(EXERCISE DATA)
======

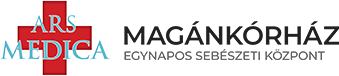 Ars Medica logó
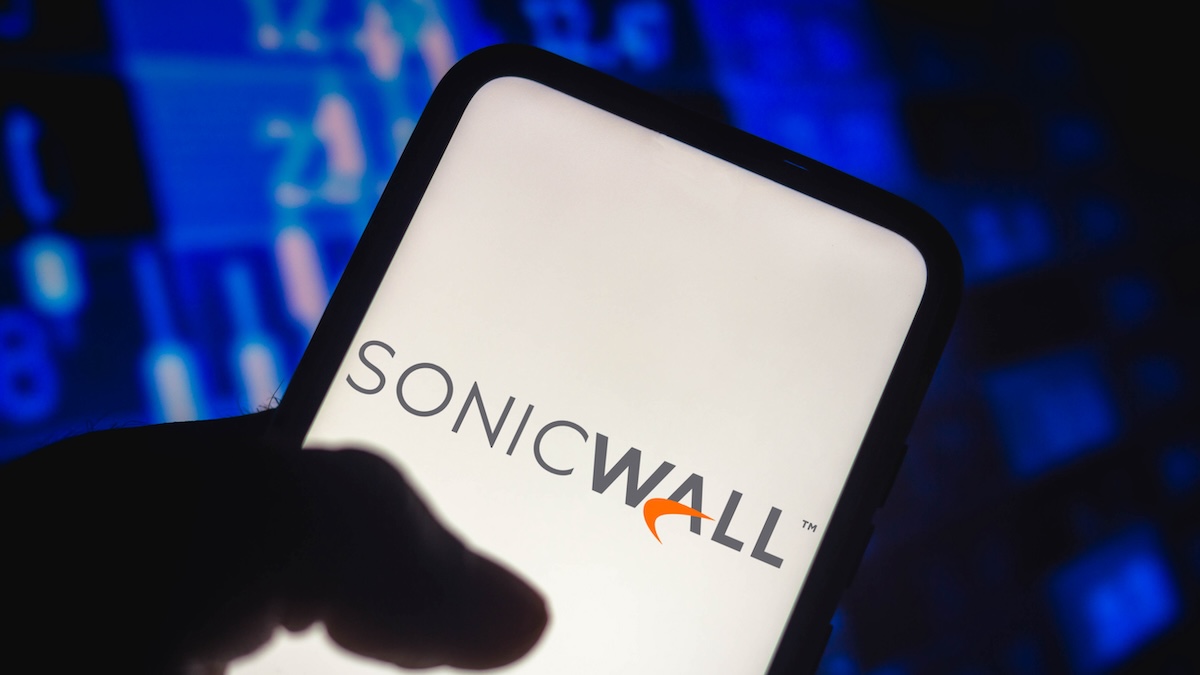SonicWall Prompts Password Resets After Hackers Obtain Firewall Configurations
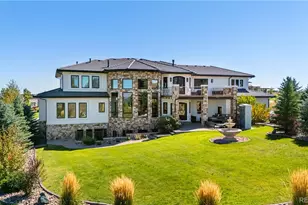 6771 Niwot Hills Dr, Niwot, CO 80503 - Photo 2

======

(WORK INSTRUCTIONS) Transcribe the span of lines that runs from the line with "SonicWall Prompts Password" to the end of the data, both ends included, exactly, with nothing else and no pictures.

(THE COMPLETED TASK)
SonicWall Prompts Password Resets After Hackers Obtain Firewall Configurations
 6771 Niwot Hills Dr, Niwot, CO 80503 - Photo 2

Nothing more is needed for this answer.